Your task -> The line containing "Hypoallergenic Organic Catnip Ball Cat Toy" marks the end; return exactly every line from the start of the records up to and including it, but no pictures.

Supplied data ->
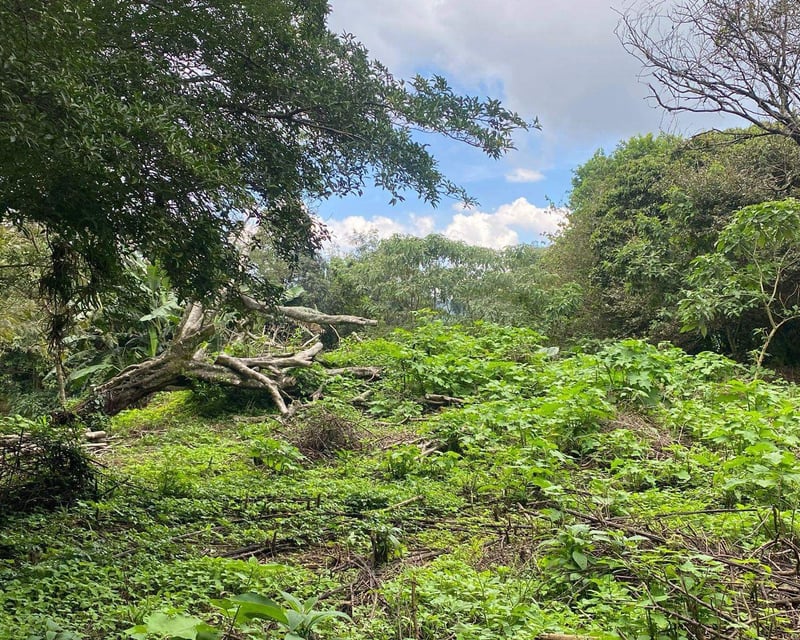 Vendo Terreno en Granja Paraíso, El Cerrito, Fraijanes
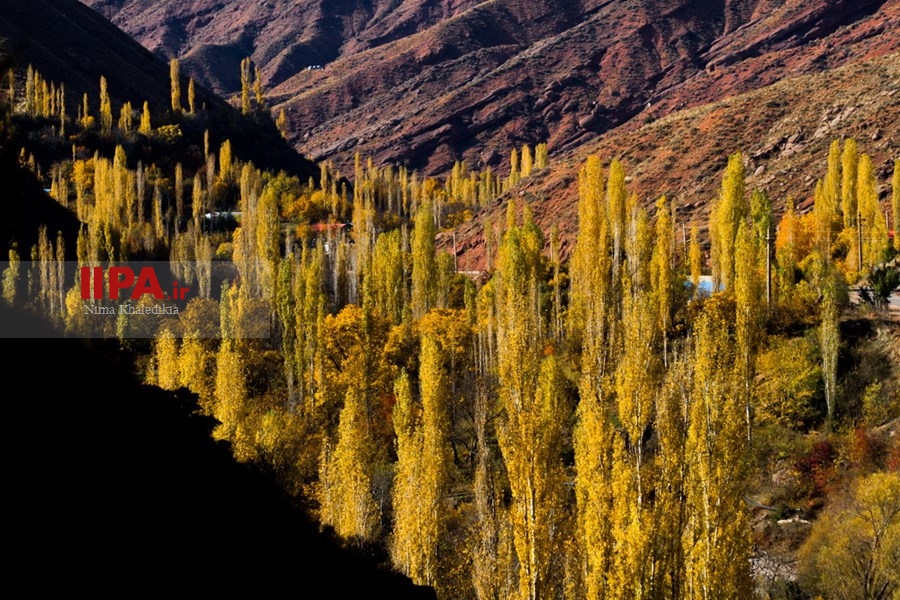   طبیعت پاییزی الموت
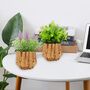 Pack Of Two Artificial Plants In Woven Basket, thumbnail 3 of 7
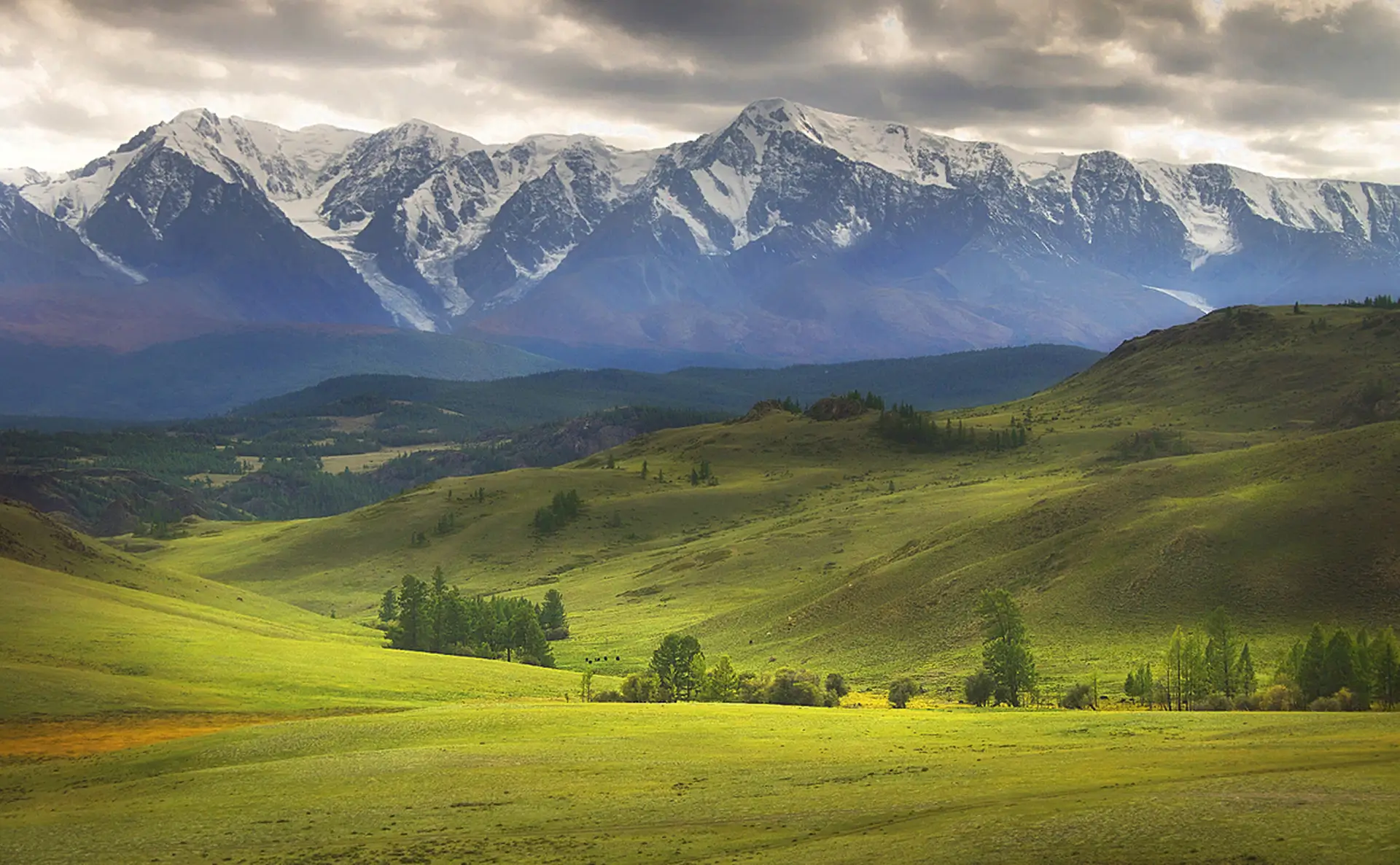 Светло зеленое поле по которому в дали гуляют животные, а на заднем плане виднеются заснеженные и высокие горы Алтая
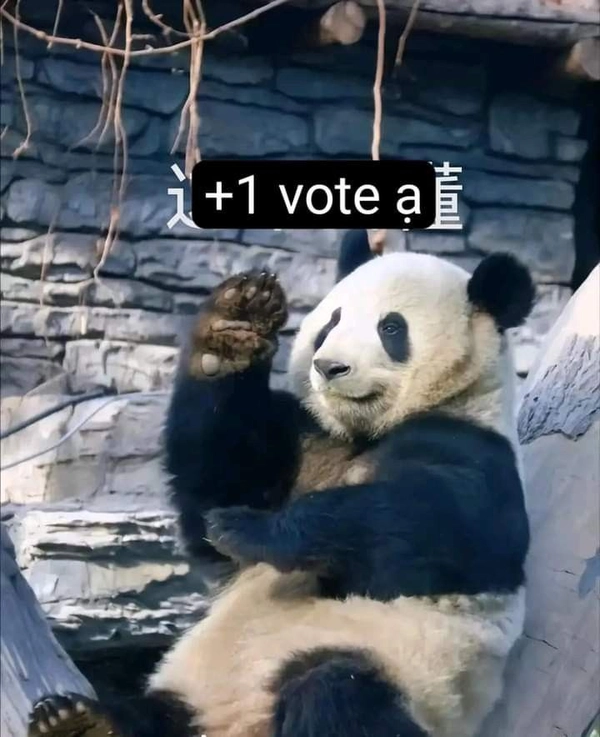 meme gấu trúc bựa weibo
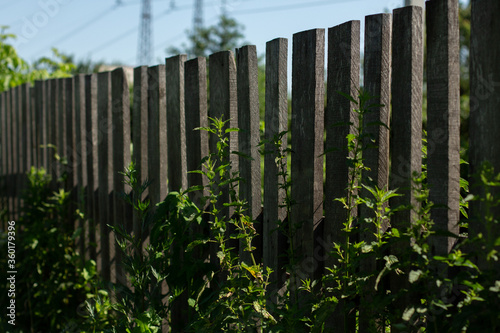 wooden fence in the village in summer
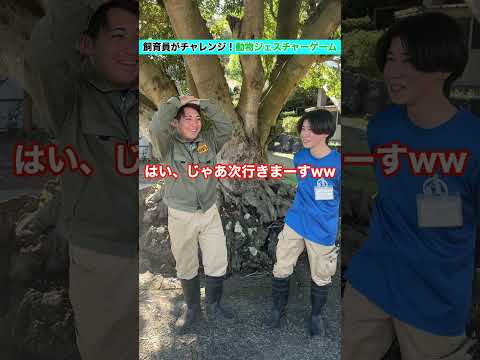 サル班の絆を試す！ジェスチャーゲーム挑戦🔥 サムネイル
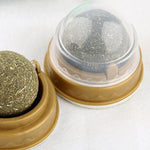 Hypoallergenic Organic Catnip Ball Cat Toy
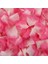 Pembe Beyaz Degrade 100 Adet 100/200/500/2000 Adet Yapay Gül Yaprakları Yapay Çiçek Ipek Yaprakları Sevgililer Günü Düğün Çiçek Dekorasyon Için (Yurt Dışından) 1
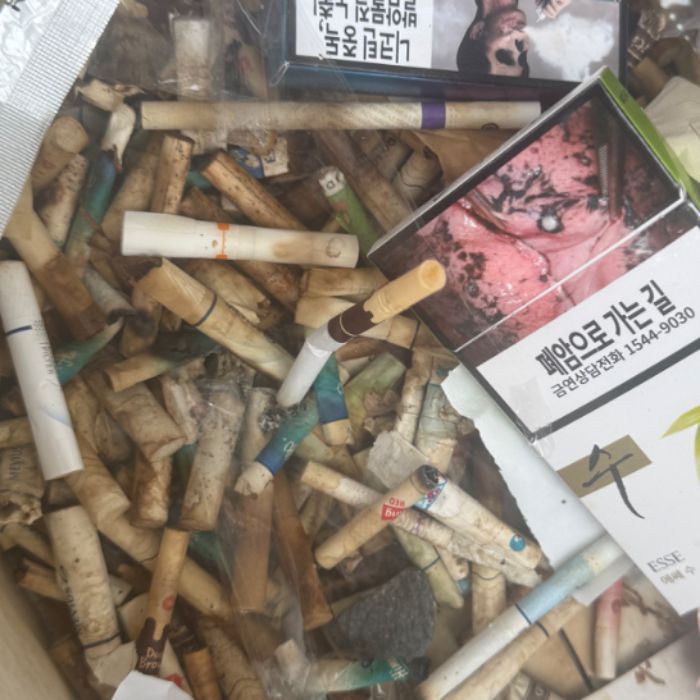  대구북구.동네.쓰레기.플로깅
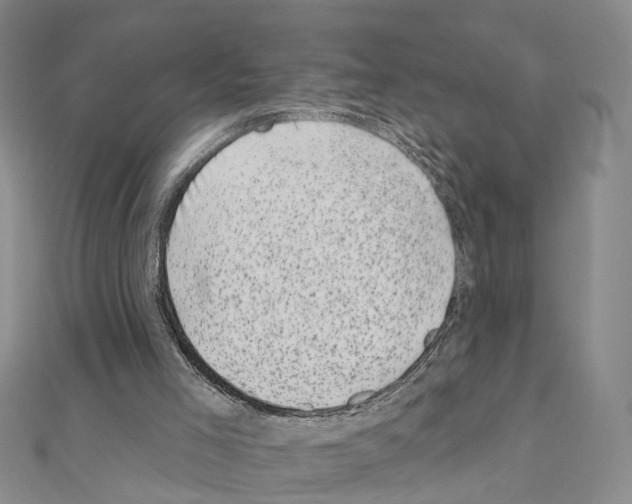 X0000110880005200907301444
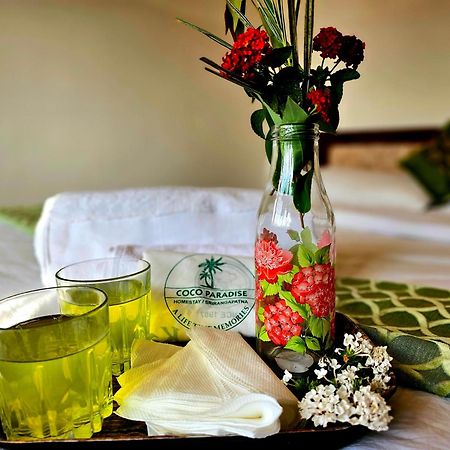 Coco Paradise Homestay Shrīrangapattana 外观 照片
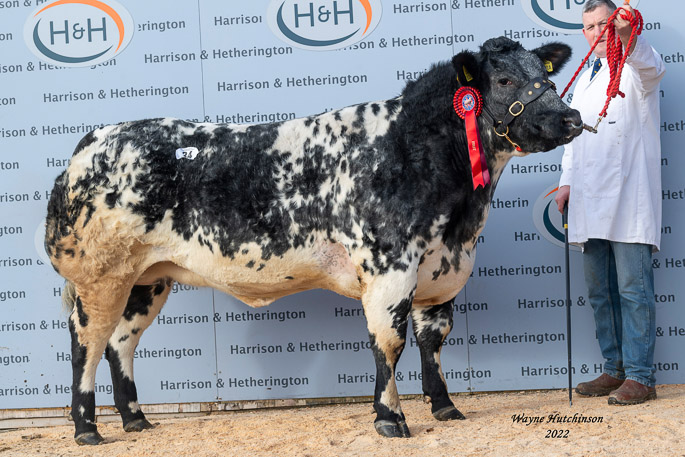 Newland Petra - 7000gns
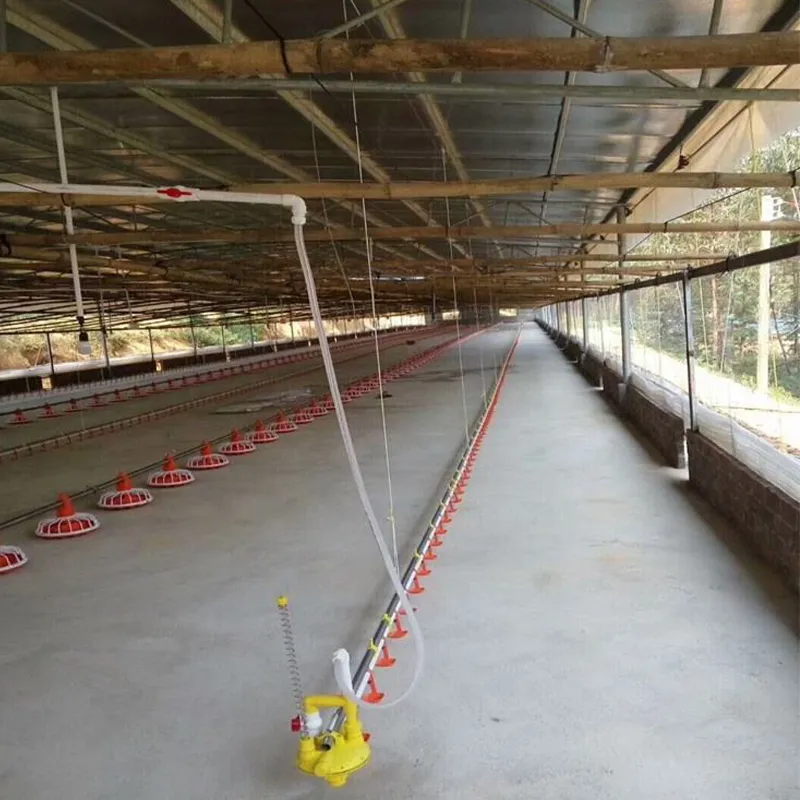 4 мкомпл. Оборудование для бройлеров (3)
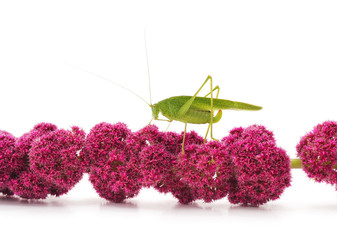Green grasshopper on amaranth flower.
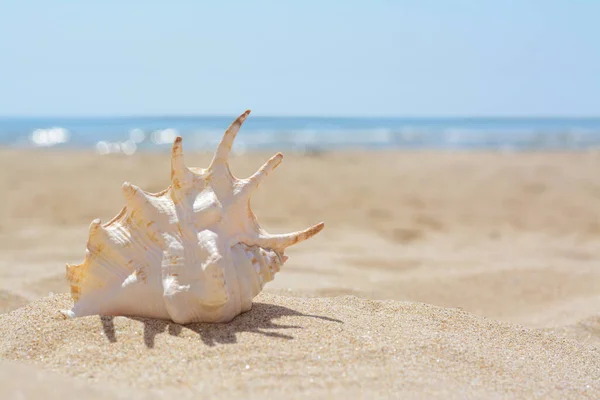 Sandy beach with beautiful seashell near sea on sunny day, space for text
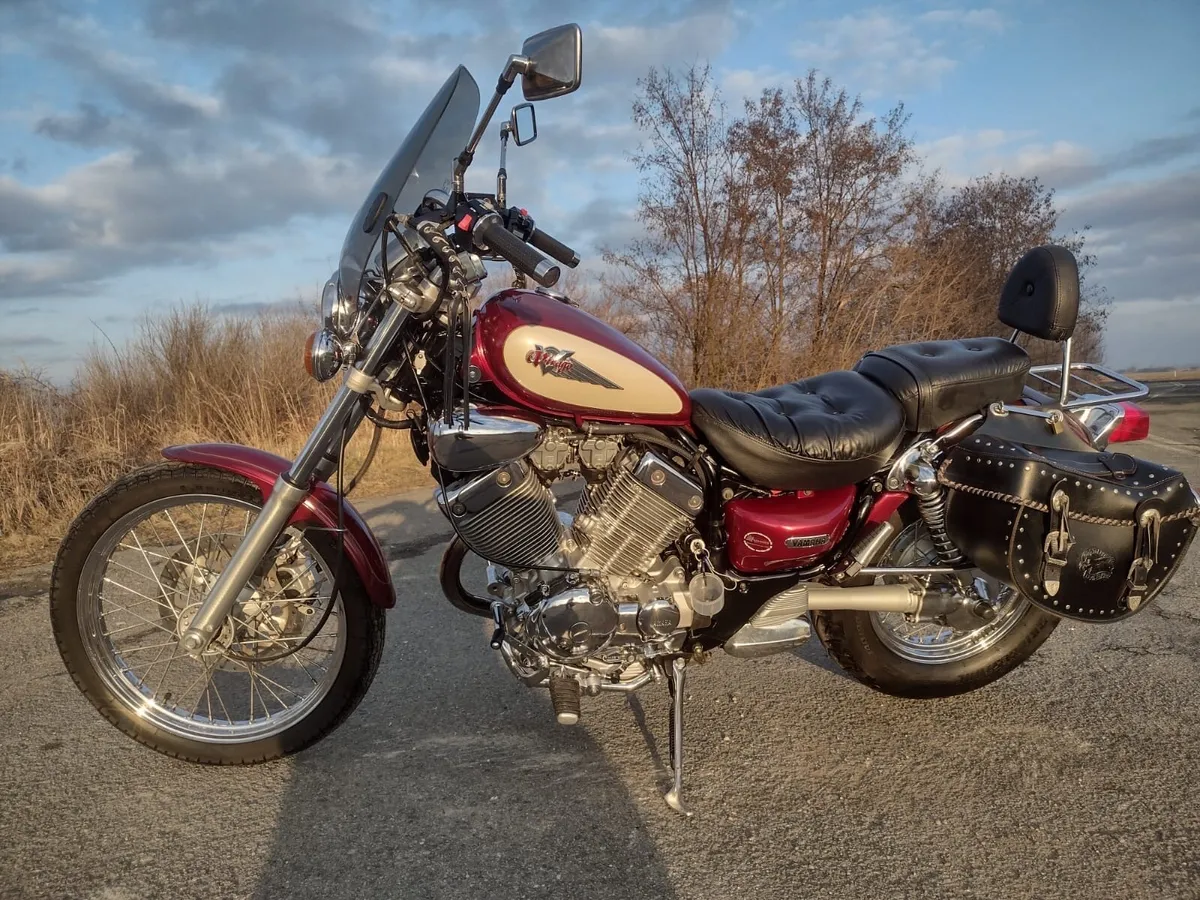 Yamaha Virago 535 dx - Mint - Image 3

Task response ->
 Vendo Terreno en Granja Paraíso, El Cerrito, Fraijanes
   طبیعت پاییزی الموت
 Pack Of Two Artificial Plants In Woven Basket, thumbnail 3 of 7
 Светло зеленое поле по которому в дали гуляют животные, а на заднем плане виднеются заснеженные и высокие горы Алтая
 meme gấu trúc bựa weibo
 wooden fence in the village in summer
 サル班の絆を試す！ジェスチャーゲーム挑戦🔥 サムネイル
 Hypoallergenic Organic Catnip Ball Cat Toy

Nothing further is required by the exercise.